→ **What to produce**
In the entries below, find the line with "To My Wife Forever" and the line with "Faixa de Cabeça de Lã". Reproduce those two lines and every line between them exactly, and nothing more.

→ **Supplied data**
>>>

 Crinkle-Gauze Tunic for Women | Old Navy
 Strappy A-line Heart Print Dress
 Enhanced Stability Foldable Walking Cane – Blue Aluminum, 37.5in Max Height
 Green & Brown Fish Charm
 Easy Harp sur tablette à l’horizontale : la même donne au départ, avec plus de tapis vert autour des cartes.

<<<
>>>

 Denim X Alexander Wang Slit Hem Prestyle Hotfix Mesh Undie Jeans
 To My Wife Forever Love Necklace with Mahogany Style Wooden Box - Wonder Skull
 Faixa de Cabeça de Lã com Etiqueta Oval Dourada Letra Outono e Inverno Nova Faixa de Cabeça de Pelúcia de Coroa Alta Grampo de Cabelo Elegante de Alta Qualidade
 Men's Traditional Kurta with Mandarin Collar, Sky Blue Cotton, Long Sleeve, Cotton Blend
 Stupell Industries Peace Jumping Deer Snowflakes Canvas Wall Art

<<<
>>>

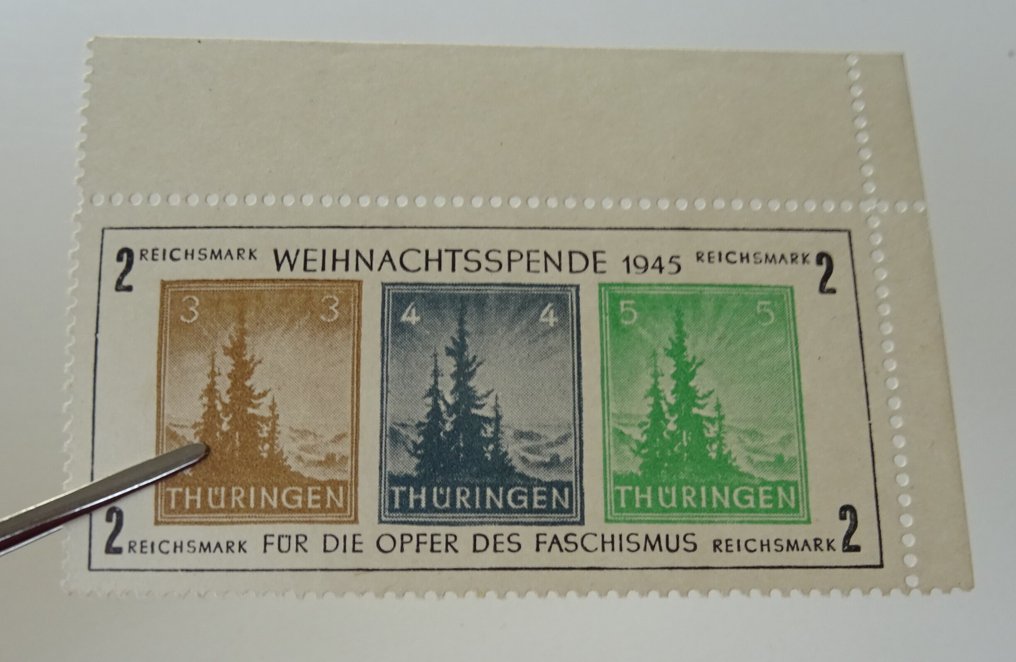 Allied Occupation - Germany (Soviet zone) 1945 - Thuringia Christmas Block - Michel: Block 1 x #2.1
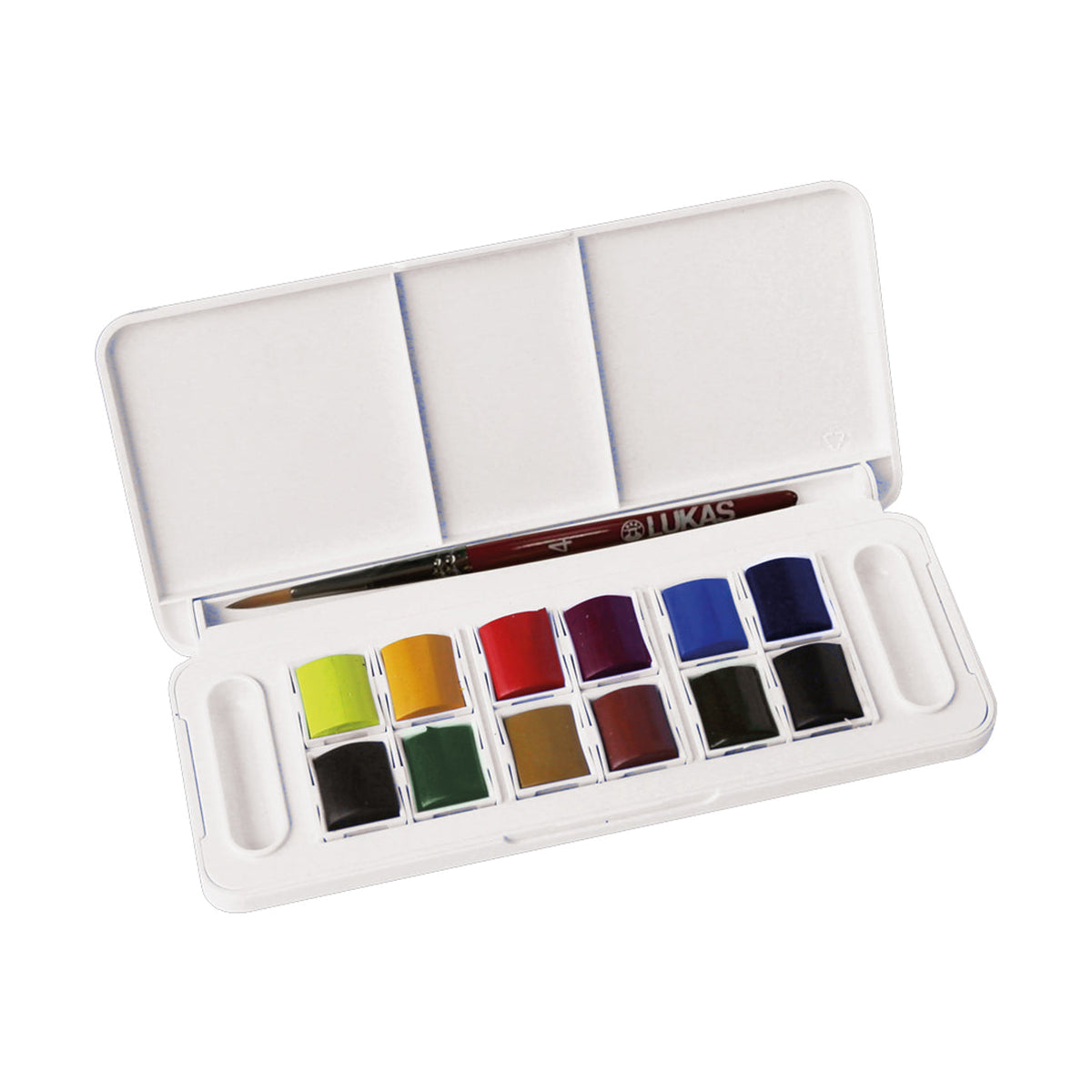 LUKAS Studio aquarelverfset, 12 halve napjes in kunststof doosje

<<<

→ **Solution to the exercise**
 To My Wife Forever Love Necklace with Mahogany Style Wooden Box - Wonder Skull
 Faixa de Cabeça de Lã com Etiqueta Oval Dourada Letra Outono e Inverno Nova Faixa de Cabeça de Pelúcia de Coroa Alta Grampo de Cabelo Elegante de Alta Qualidade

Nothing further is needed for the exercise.